A glance, not really taking in the unusual glow in the distance, at first, believing it to be the Pentagon Vauxhall car sales, I made a call to the fire service and was told pumps were already in attendance.
Like many of you, I stood watching the flames and clouds of smoke, realising there were no blue flashing lights on Sutton Road. It was at this point I stared into the dark with a heavy heart realising ‘The Mill’ was on fire.
With no sleep for the rest of the night, constantly watching social media for information, when finally pictures confirmed the dreaded but expected truth.
I am devastated at the loss of this mill, built in the 1780s its history and connections with Cromford Mill, Cromford and Pinxton Canals, borne out of blood sweat and toil from people in poverty just trying to make a living.
In the background I was always keeping a close eye on this building, planning applications, damage to it and the state of the grounds.

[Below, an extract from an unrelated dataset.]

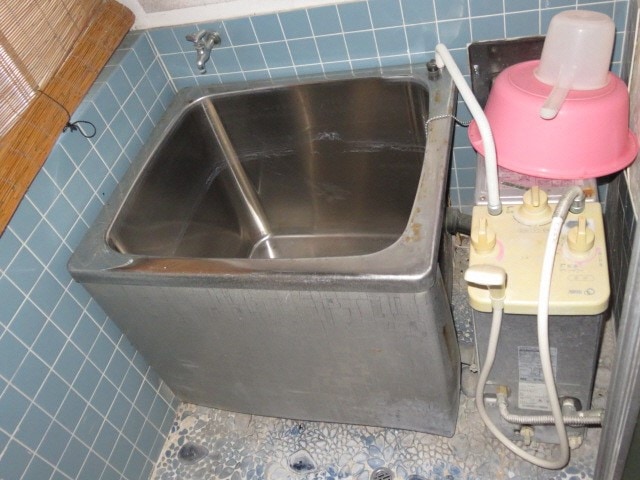 静岡県南伊豆町の物件の浴室はバランス釜です。こちらもこのまま使用可能ですが老朽化が進んでいるのでユニットバスに改修するのもよいでしょう。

I continually kept bringing it to people’s attention, but it seems it was not enough.
On more than three occasions I spoke to the mayor. I told him ‘we should be looking to buy this mill’.
The last correspondence I had with officers was on March 14, reporting issues which the enforcement officer was dealing with.
For two years, I have asked questions on lifting the mill grading status above Grade II, looking at how to place it as an asset of ‘Community Value’.
I am so sorry I did not succeed in this. I can assure you it wasn’t for the lack of effort. Please forgive me if you feel I have let you down.
It was 2003 when I, as chairman of select commission one, housing and environment, and the committee undertook a three part piece of scrutiny called ‘The Swan Project.
Part one was about the mill, part two was the Viaduct and footpaths around the area and part three was the nature reserve.
Unfortunately our recommendations were not taken on board and no action was taken to implement them.
It was from here my connection to and my 20-year journey to save Hermitage Mill began.
Part one of the report and its recommendations was to create a mill trail across Mansfield ending at Dawson’s Mill in Warsop and on to Pleasley Mills.
I was part of the team who initially set up the Hermitage Mill Partnership Trust. We undertook much work. The main stumbling block was acquiring funds to purchase the mill for the trust. Work continued until the current owners purchased the mill, which is when the Trust closed.
Coun Stendall also shared part of the 2003 report to cabinet.
Hermitage Mill is one of the series built in 1780s by the fourth Duke of Portland. In a record of 1832, seven mills were described as extensive cotton mills each with the capacious dams of crystal water reflecting the buildings and the adjacent hills. One of these seven was Hermitage Mill.
The mill is adjacent to the viaduct at Kings Mill Reservoir. In 1832 it was occupied by James Hayate, who carried on a business as a cotton doubler and lace thread manufacturer. He was succeeded by J&W Taylor who carried on the same trade in the 1880s. It was occupied by Samuel Eden and the Duke constructed the Sutton Reservoir in 1838 to provide the water power for a series of mills he had built on the Maun.
A very good example of possible appropriate use by a developer is given by the Masson Mill between Matlock and Cromford, where a visitor centre demonstration area is combined with a booming indoor retail market with many small medium shops selling household goods, crafts, woollens, clothes etc. There is also a restaurant and coffee bars, a farmers’ market and factory shop outlet.